* [TASK STATEMENT] The lines below, from the one holding "Duval's Delight -loft On Duval Key West" through the one holding "Lamborghini Urus Performante", are to be restated word for word, with all images left out.

═════ DATA EXTRACTS

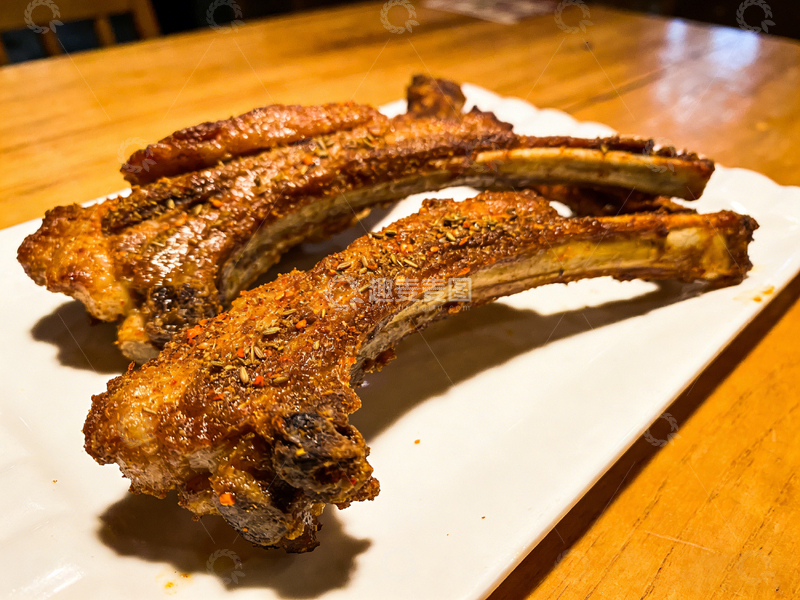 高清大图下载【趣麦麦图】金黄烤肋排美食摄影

══════════
═════ DATA EXTRACTS

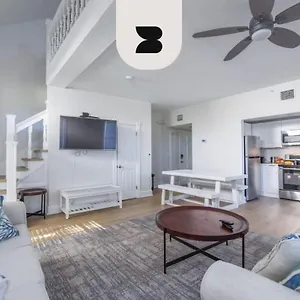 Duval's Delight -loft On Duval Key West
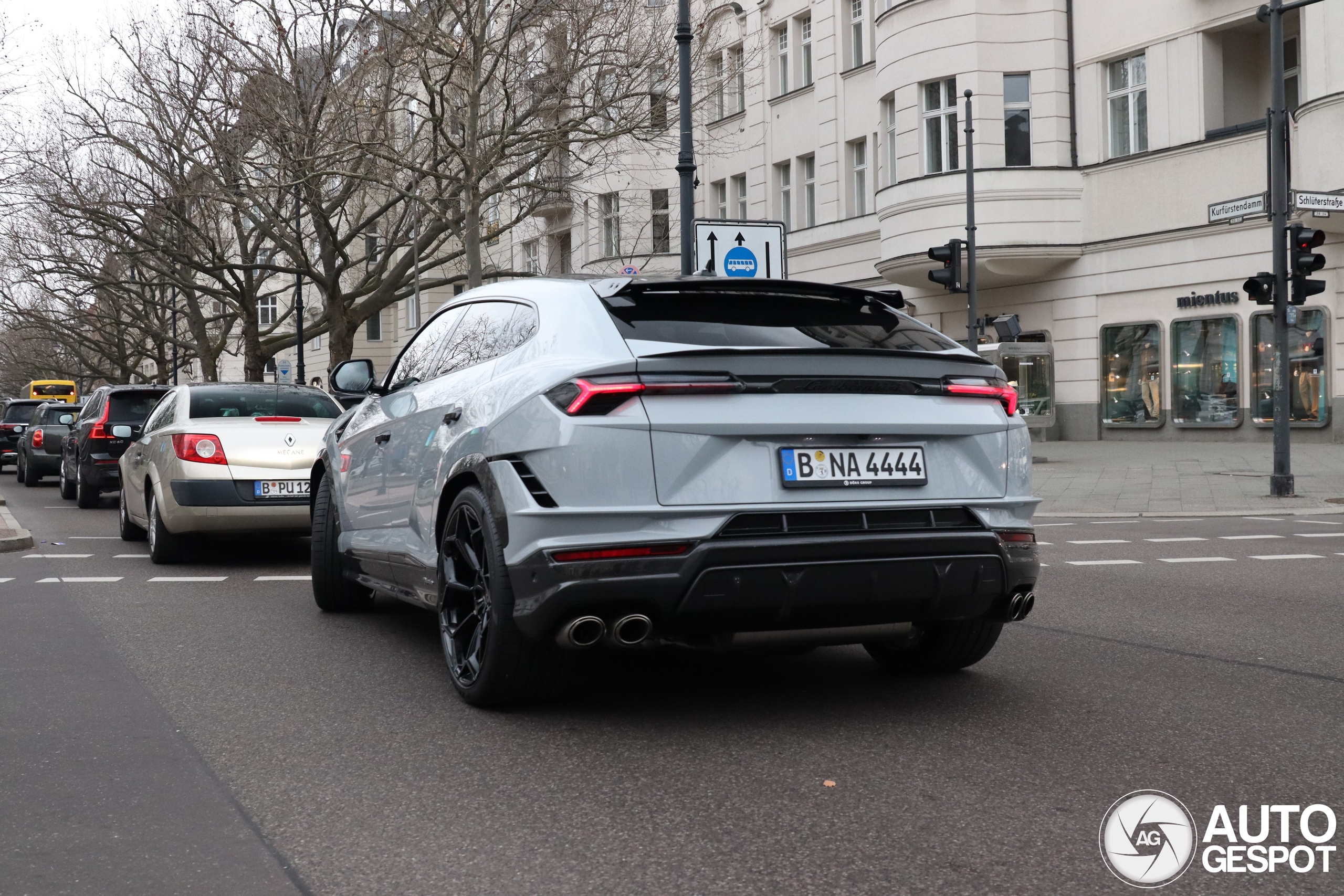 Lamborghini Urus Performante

══════════

* [TASK ANSWER]
 Duval's Delight -loft On Duval Key West
 Lamborghini Urus Performante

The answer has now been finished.